В отличие от коммунистов, Бенеш ориентировал некоммунистическое Сопротивление на сотрудничество с чешскими властями протектората. Он понимал, что среди таковых много сторонников буржуазного домюнхенского строя и отталкивать их нельзя. Но такая линия наталкивалась на непонимание даже некоммунистического Сопротивления, считавшего правительство протектората открыто коллаборационистским. «Три короля» сообщали Ингру 1 октября 1940 года: «Немцы из-за полной беспомощности правительства (протектората) и боязливой позиции как правительства, так и всех государственных, общественных и частных деятелей ни в чем себе здесь не отказывают и довольны тем, как все хорошо у них здесь идет… Они арестовывают, кого хотят, и никто не протестует, чтобы не дай бог не разгневать немцев и сохранить свое теплое местечко в правительстве или где бы то ни было…»[78]

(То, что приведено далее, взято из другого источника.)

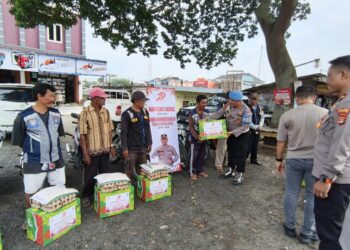 Personil Polsek Simpang Pematang dan Polsek Tanjung Raya Polres Mesuji, Laksanakan Program Bakti Religi Kepada Pengurus Tempat-tempat Ibadah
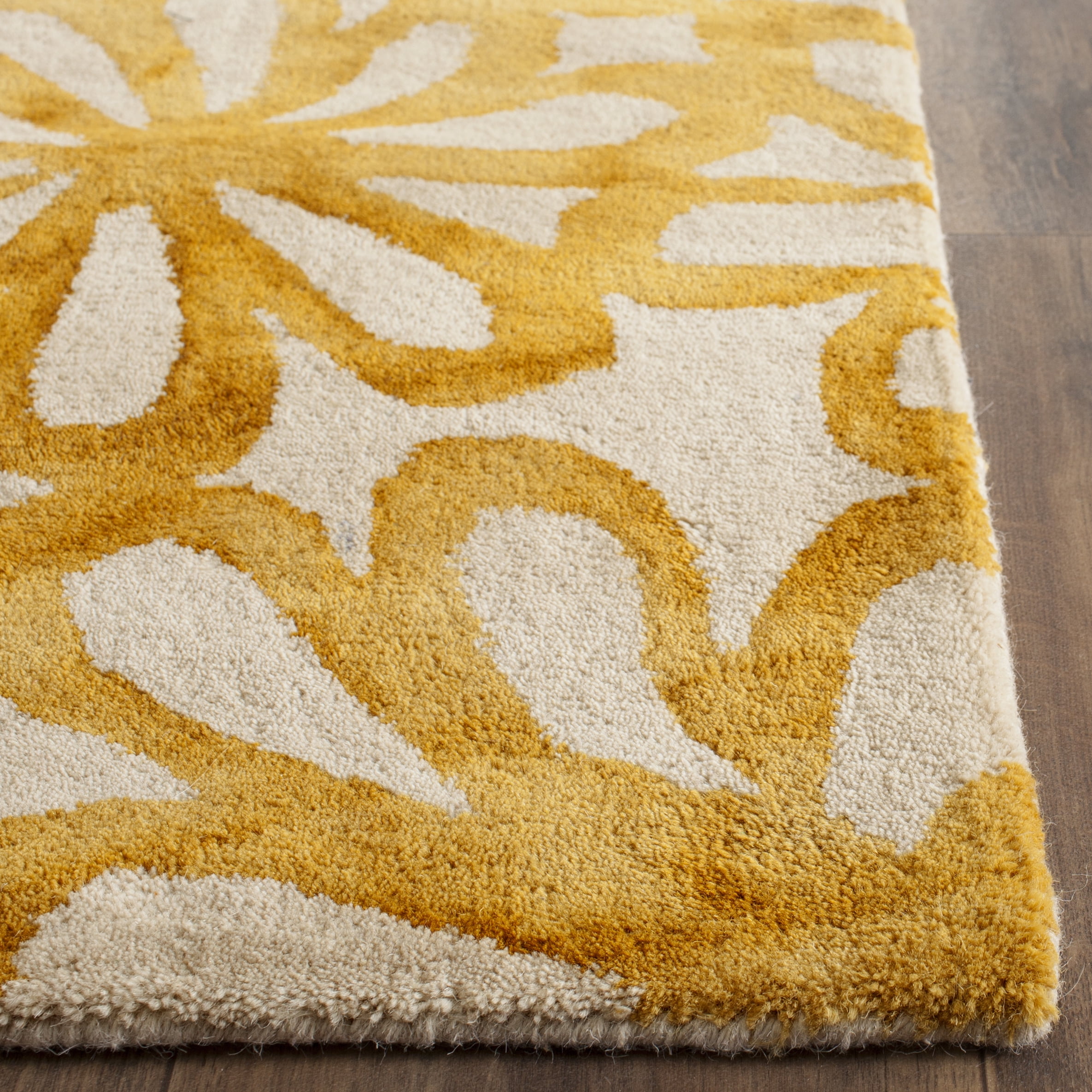 Safavieh Dip Dye Jessamine Floral Wool Runner Rug, Beige/Gold, 2'3" x 10' - Image 2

Лондонское правительство Бенеша поддерживало связь с председателем правительства протектората Элиашем, и гестапо об этом знало. Но немцы не предпринимали никаких шагов, так как инструкции Бенеша Элиашу их вполне устраивали. Бенеш ориентировал власти протектората на пассивность с тем, чтобы сохранить аппарат госуправления в целостности к моменту поражения Германии и возвращения в Прагу эмигрантского правительства. Таким путем Бенеш хотел предотвратить образование после окончания войны стихийных народных органов власти, поскольку понимал, что в них неизбежно будут преобладать коммунисты как сторонники активного сопротивления оккупантам.